[DATA TO USE Boundary: Start]
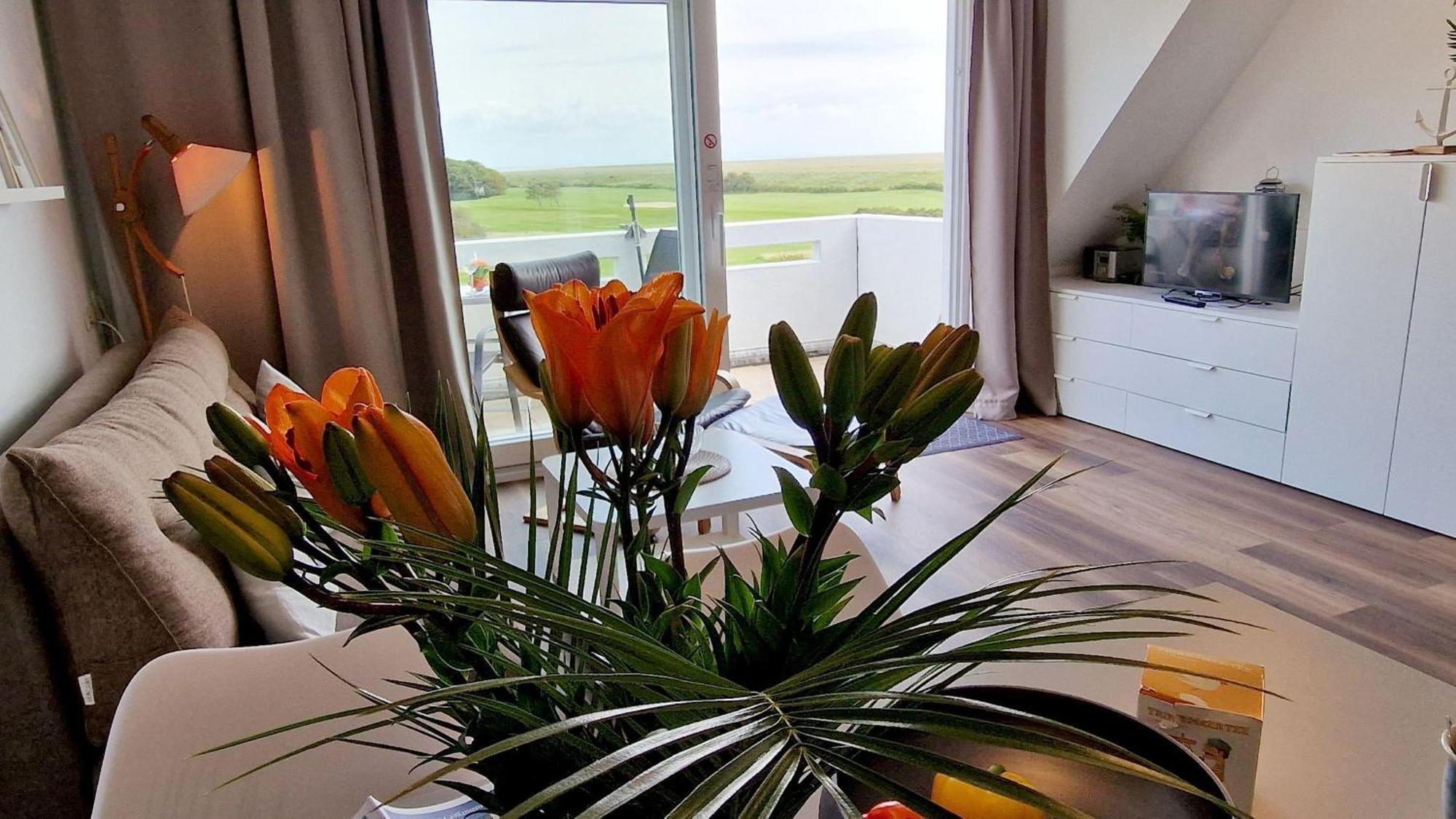 Haus-Zum-Golfplatz-Whg-12 Apartment ซังคท์ พีเทอร์-ออร์ดิง ภายนอก รูปภาพ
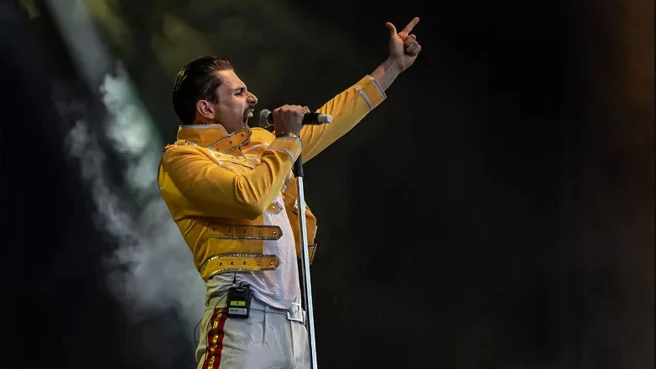 The Music of Queen Live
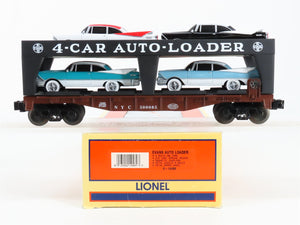 O Scale Lionel 6-19489 NYC New York Central Auto Carrier 500085 RTR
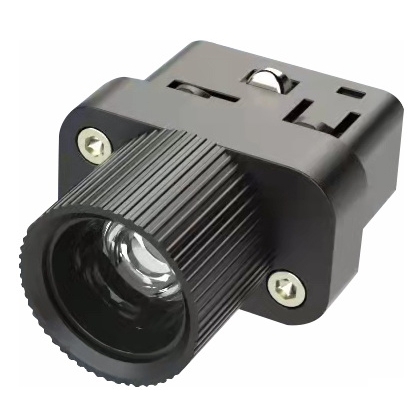 Трековый светильник VISION48/22 4822-019-D22-2W-24DG-3000K-BK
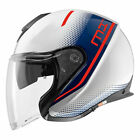 CASCO JET SCHUBERTH M1 PRO MERCURY ROSSO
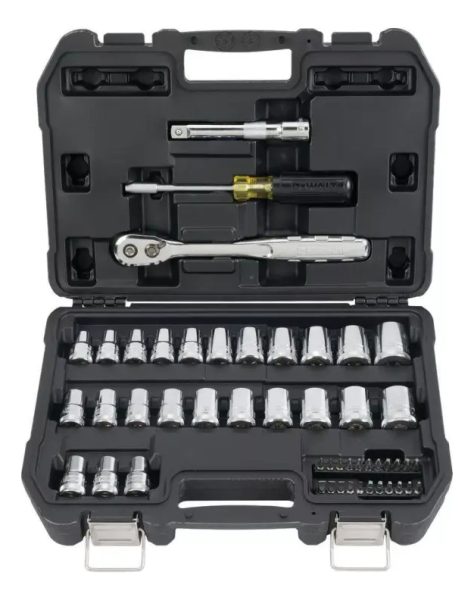 Set Tubos Y Puntas Herramientas Dewalt Dwmt45049 49 Piezas - Imagen 3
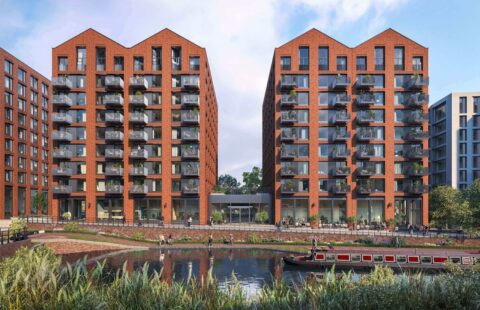 River-View Apartments with Premier Amenities in Birmingham’s Thriving Centre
[DATA TO USE Boundary: End]
Nothing but the lines from the one containing "The Music of Queen Live" through the end of the listing is to be output, and those lines are to be output exactly, pictures excluded.

RESPONSE TO THE TASK:
 The Music of Queen Live
 O Scale Lionel 6-19489 NYC New York Central Auto Carrier 500085 RTR
 Трековый светильник VISION48/22 4822-019-D22-2W-24DG-3000K-BK
 CASCO JET SCHUBERTH M1 PRO MERCURY ROSSO
 Set Tubos Y Puntas Herramientas Dewalt Dwmt45049 49 Piezas - Imagen 3
 River-View Apartments with Premier Amenities in Birmingham’s Thriving Centre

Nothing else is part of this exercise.